Seeing his confusion, Vela smiled. "What else would it be? I trust Balalaika's eye. On the other hand, your experience is so unexpected that I'm curious what kind of name you'll carve out on the world's shadowed side, someone who used to have nothing to do with guns and bullets."
"O-oh!" Only then did Rock snap back to himself. After accepting Vela's private card, he hurriedly fished out his own Lagoon card, handing it over with both hands.
Vela accepted it gladly.
Then she looked toward Dutch and the other two.
"Okay. Someone, please take our four new customers to pick out some 'gifts.'"
After a round of Japanese-style bows, Rock and the Lagoon's trio were led away by a dedicated attendant.
"Thanks." Cigar between her fingers, Balalaika stood up to express gratitude.
She assumed Vela was taking Lagoon in for her sake.
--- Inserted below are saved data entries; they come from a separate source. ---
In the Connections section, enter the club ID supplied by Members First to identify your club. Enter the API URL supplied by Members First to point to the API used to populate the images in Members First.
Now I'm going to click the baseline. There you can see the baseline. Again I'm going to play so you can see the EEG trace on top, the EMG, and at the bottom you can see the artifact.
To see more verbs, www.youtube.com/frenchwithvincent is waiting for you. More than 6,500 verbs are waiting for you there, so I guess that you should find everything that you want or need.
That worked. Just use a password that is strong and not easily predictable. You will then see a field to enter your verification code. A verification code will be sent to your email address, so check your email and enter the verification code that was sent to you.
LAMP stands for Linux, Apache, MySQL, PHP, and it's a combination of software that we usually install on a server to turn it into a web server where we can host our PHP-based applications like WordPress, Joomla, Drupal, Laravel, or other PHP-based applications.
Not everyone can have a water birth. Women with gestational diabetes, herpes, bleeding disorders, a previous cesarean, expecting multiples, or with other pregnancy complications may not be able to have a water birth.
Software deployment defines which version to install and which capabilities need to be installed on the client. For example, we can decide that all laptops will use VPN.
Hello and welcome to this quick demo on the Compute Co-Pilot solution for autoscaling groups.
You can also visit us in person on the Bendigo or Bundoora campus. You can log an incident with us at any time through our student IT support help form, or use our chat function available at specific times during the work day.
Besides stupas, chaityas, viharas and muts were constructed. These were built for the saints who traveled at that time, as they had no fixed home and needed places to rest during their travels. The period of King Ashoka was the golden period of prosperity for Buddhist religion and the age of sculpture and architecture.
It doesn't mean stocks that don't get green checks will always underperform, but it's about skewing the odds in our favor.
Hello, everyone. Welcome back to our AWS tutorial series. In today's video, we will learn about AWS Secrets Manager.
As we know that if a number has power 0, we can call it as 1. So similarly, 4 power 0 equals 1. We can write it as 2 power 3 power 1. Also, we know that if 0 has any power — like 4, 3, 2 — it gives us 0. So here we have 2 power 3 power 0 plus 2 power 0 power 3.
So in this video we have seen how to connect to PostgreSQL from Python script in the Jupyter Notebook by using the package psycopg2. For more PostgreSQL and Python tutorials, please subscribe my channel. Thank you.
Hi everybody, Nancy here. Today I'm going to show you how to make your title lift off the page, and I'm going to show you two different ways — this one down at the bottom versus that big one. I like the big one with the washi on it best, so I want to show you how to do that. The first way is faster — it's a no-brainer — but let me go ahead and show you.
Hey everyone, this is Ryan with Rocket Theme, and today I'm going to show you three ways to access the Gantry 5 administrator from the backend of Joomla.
Dutch had once saved her, leaving her owing him a huge favor. Now that Vela, who was barely something like a good buddy, had made it big, introducing a new money-making path for Dutch's Lagoon was necessary as a matter of favors.
Conversely, when Koko from HCLI arrived later, and needed help expanding into the Caucasus and so on, Balalaika would have to put in effort no matter what, for Vela's sake.
"I heard you took a salvage commission a while ago. It involved a sunken WWII German Navy submarine?" While they waited, Vela changed to a new topic.
"You interested in that stuff?"
"A hunter's heart, when prey appears."
...
Until.
Whirr... whirr...
The hum of helicopter rotors.
She's here.
Vela and Balalaika, having received advance notice, walked to the terrace and looked toward the sound. A Sikorsky S-76 all-weather transport helicopter appeared on the horizon, coming closer and closer.
"Vela!!" Under Vela's barely contained expression, that bright, piercing female voice blasted straight from the helicopter's loudspeaker.